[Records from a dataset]
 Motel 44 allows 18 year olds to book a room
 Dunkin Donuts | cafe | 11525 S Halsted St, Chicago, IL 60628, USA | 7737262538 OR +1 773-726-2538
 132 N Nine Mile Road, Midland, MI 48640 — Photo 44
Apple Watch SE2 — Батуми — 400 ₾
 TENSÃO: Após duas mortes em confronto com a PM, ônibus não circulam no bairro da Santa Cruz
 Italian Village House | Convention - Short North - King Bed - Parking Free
...
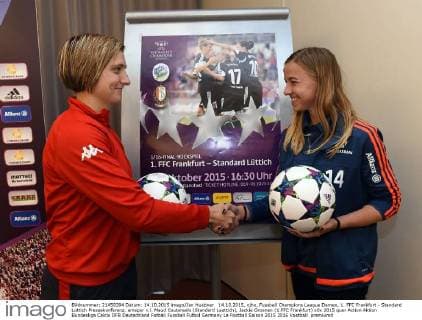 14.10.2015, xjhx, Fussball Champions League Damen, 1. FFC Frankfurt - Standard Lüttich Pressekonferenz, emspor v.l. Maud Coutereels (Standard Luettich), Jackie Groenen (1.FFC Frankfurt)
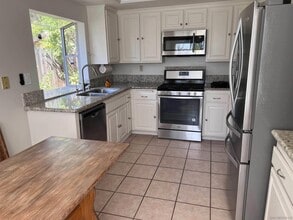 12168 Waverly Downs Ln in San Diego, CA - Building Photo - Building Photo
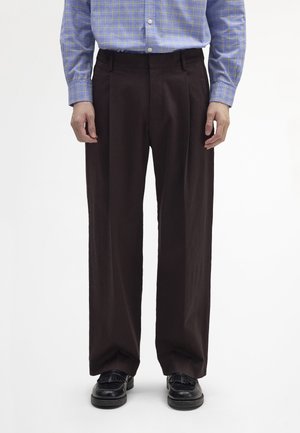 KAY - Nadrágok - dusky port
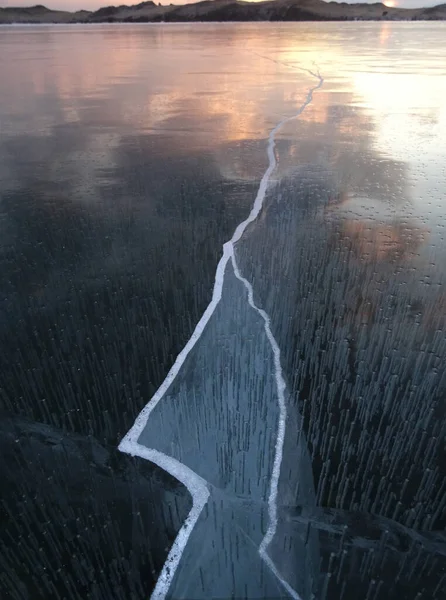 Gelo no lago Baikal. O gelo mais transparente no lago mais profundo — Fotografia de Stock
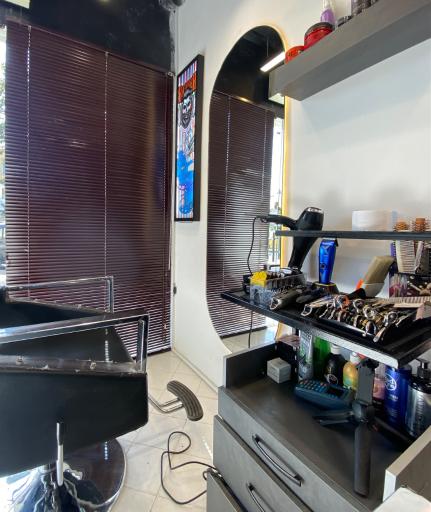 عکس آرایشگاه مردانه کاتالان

About this exercise:
Output the lines above exactly, but only those between the line holding "Motel 44 allows 18 year olds to book a room" and the line holding "Italian Village House", inclusive.

Solution to this problem:
 Motel 44 allows 18 year olds to book a room
 Dunkin Donuts | cafe | 11525 S Halsted St, Chicago, IL 60628, USA | 7737262538 OR +1 773-726-2538
 132 N Nine Mile Road, Midland, MI 48640 — Photo 44
Apple Watch SE2 — Батуми — 400 ₾
 TENSÃO: Após duas mortes em confronto com a PM, ônibus não circulam no bairro da Santa Cruz
 Italian Village House | Convention - Short North - King Bed - Parking Free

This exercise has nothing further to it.